-------- Input data

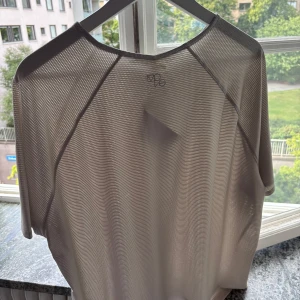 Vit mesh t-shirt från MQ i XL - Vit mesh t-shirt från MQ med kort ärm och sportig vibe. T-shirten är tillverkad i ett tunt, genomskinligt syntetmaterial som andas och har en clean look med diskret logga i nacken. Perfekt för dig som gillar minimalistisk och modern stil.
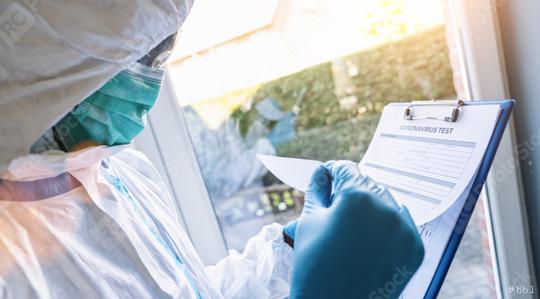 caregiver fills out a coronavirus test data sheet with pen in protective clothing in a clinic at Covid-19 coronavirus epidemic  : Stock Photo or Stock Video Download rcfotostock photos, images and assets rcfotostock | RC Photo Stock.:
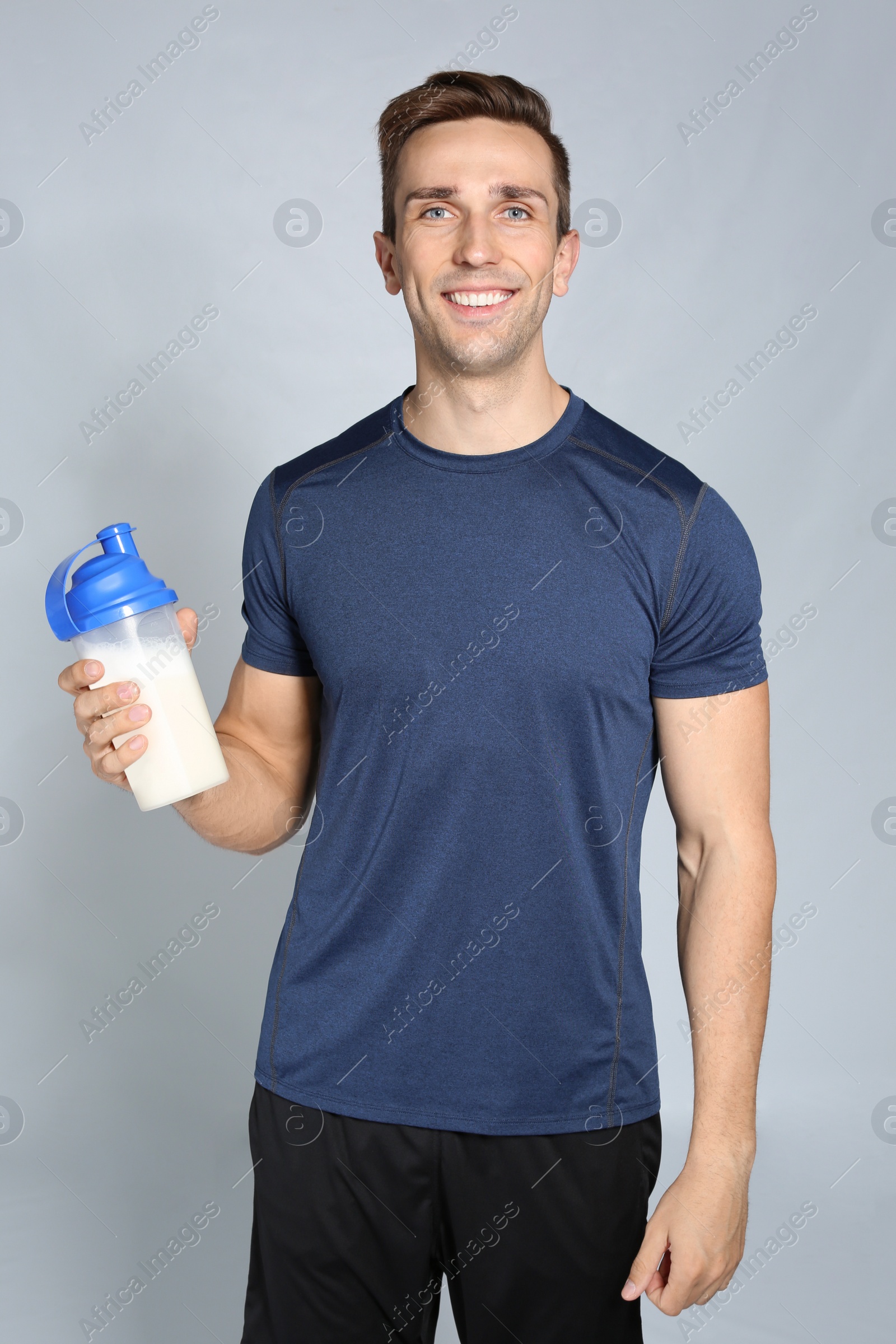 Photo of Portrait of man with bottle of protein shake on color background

----------------
-------- Input data

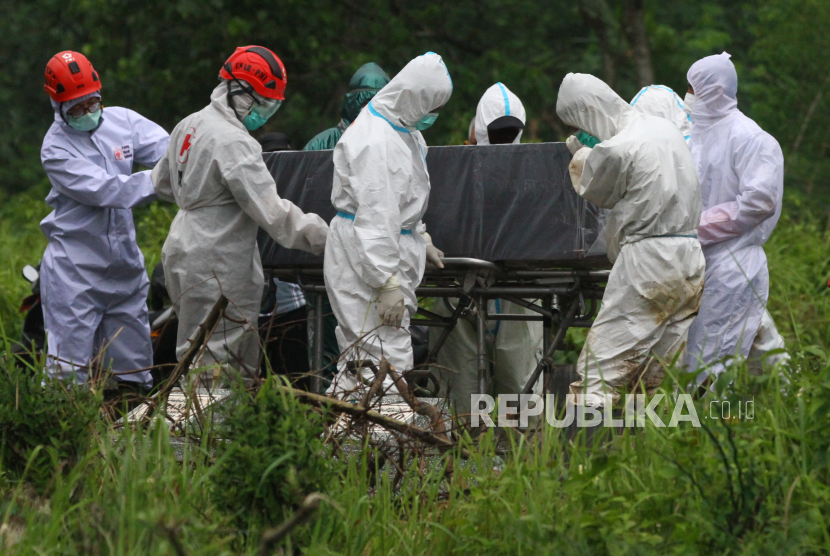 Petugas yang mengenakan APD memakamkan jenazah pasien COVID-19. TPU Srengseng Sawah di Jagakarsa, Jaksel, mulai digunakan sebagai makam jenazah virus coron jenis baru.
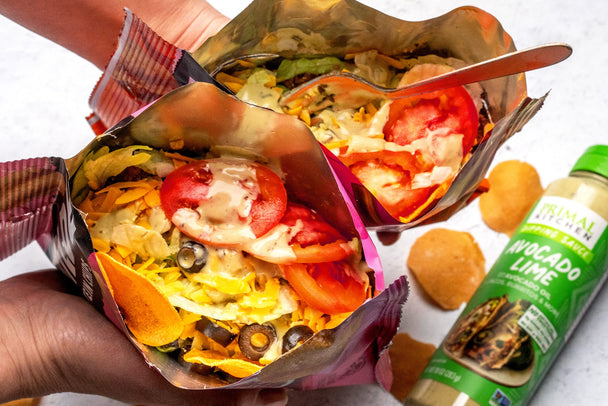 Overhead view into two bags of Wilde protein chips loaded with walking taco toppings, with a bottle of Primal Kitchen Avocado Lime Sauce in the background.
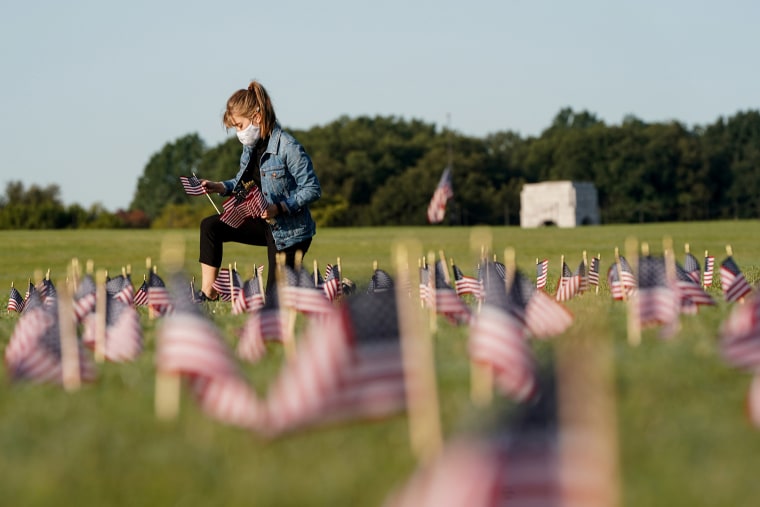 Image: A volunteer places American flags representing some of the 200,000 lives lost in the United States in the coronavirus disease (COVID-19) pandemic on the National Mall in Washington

----------------

Your goal:
A verbatim reproduction is expected: starting at the line above that has "caregiver fills out", ending at the line that has "Photo of Portrait", both included, and with no pictures and no other lines.

Answer for this exercise:
 caregiver fills out a coronavirus test data sheet with pen in protective clothing in a clinic at Covid-19 coronavirus epidemic  : Stock Photo or Stock Video Download rcfotostock photos, images and assets rcfotostock | RC Photo Stock.:
 Photo of Portrait of man with bottle of protein shake on color background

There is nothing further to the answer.